島根で頑張る人

『島根で頑張る人』は県内で活動する人にスポットを当て、考え方や経験から活動に迫るコーナーです。スタッフの「学び」も兼ねて取材させていただいています。

しまねで頑張る人イメージ

お米の産地を盛り上げる!
「うやま米」でつながる地域と若者

宍道湖から中海へ汽水を運ぶ大橋川。その南北をつなぐ新大橋のたもとに藤本米穀店はある。

明治26年の創業以来、地元のお米を中心に商いを続け、厳選したこだわりの米を取り扱う。「出来るだけ自分で産地を訪ね、生産者さんと会って話をすることを大切にしています」と5代目の藤本真由さんは言う。東西に長く、島や海・山も多い島根県の米を知るには、実際に現地へ赴き、生産地の特性を知り、直接話をしなければ、いい米を見極めることはできない。そんな思いから、高品質の米を求め、県内の米農家を訪問していく中で、宇山地区で奮闘する人々と出会った。

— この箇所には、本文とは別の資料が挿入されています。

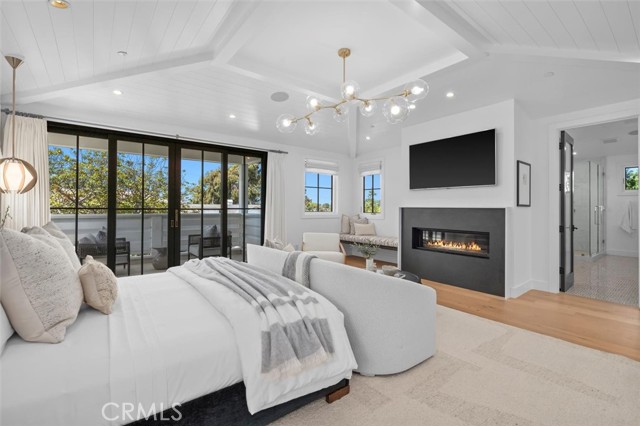 Detail Gallery Image 32 of 75 For 676 18th St, Manhattan Beach,  CA 90266 - 6 Beds | 6/2 Baths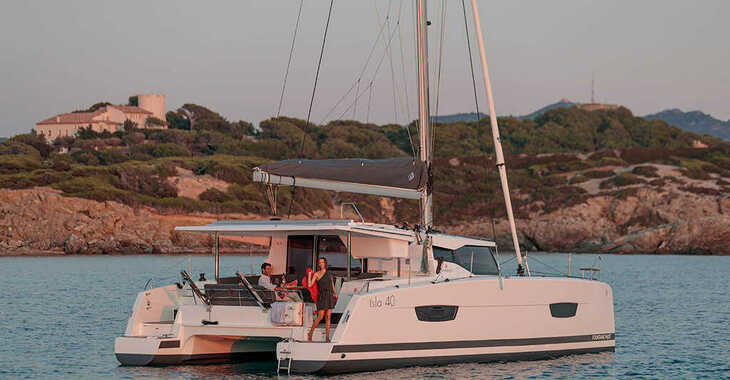 Alquilar catamarán en Agios Kosmas Marina - Fountaine Pajot Isla 40 - 3 cab.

雲南市から「米の輸出に取り組みたい」と相談があり、現地へ赴いたことが始まりだった。標高約500m、大雪が降り雪解け水が田んぼを潤す。寒暖差があり、水、空気がきれい。さらに島根米の種もみ栽培の管理能力を有する。こんなに米作りに最適な土地があるのかと驚き、すぐに宇山地区に惚れ込んだ。翌年には台湾でフェアを行い、この盛り上がりを機に「うやま米」をブランド化し、国内でも販売を行った。これが多くのメディアに取り上げられ、宇山地区は注目を集めるようになったという。生産地にも活気が生まれ、生産者のやりがいにもつながった。

しかし課題もあり、多くの中山間地域が直面する、高齢化問題、人手不足が米作りの足枷となっていた。ブランドが有名になり売上が伸びたとしても、産地のマンパワーが足りなければ、質のいい米作りはできない。そこで、藤本さんは米作りで一番大変な工程はなにか生産者さんと話し合い、出てきた課題が「田んぼの草刈り」だった。毎年夏に3回行っている「草刈り応援隊プロジェクト」の始まりである。藤本さんや若手生産者が中心となり「宇山ミーティング」を開催。「里山照らし隊(※)」と連携しながらプロジェクトの実現に向かって意見交換を行った。facebookなどのSNSでボランティアを募集し、集まった参加者は総勢50人。地域のために何かしたいと思っている若者を中心に参加を募り、思いを実現できるプロジェクトとして走り出した。また、応援隊の様子をSNSで発信することで、宇山の知名度向上と「うやま米」のファン獲得につなげた。参加者からは「また宇山に来たい」という声もあり、地域のために活動する喜びを体感してもらうことができた。生産者の負担は軽減し、販売者は米の売上アップにつながり、参加者は活動を通じて地域貢献ができ、全ての人にメリットがある“三方よし”のプロジェクトとなった。

本業の傍ら、「自分たちにできることから少しずつ」と生産地の課題解決に取り組み、成果を上げてきた。今後は、まだ眠っている産地の掘り起こしを行いながら、地域を盛り上げる活動を行っていく。

米屋の役割について、藤本さんは「生産者と消費者をつなぐ架け橋」という。手間ひまと愛情を込めて作られたお米たちを多くの人に知ってもらいたい。“No Rice , No Life”を胸に、島根の米を愛する藤本さんの挑戦は続く。

(F)

※「里山照らし隊」
雲南市吉田町民谷宇山地区の地元ボランティアでつくる、宇山地区を盛り上げるための任意団体。「田んぼアートイベント」「林業体験」「竹炭を利用した畜電器の製造」なども行い地域の活性化に寄与している。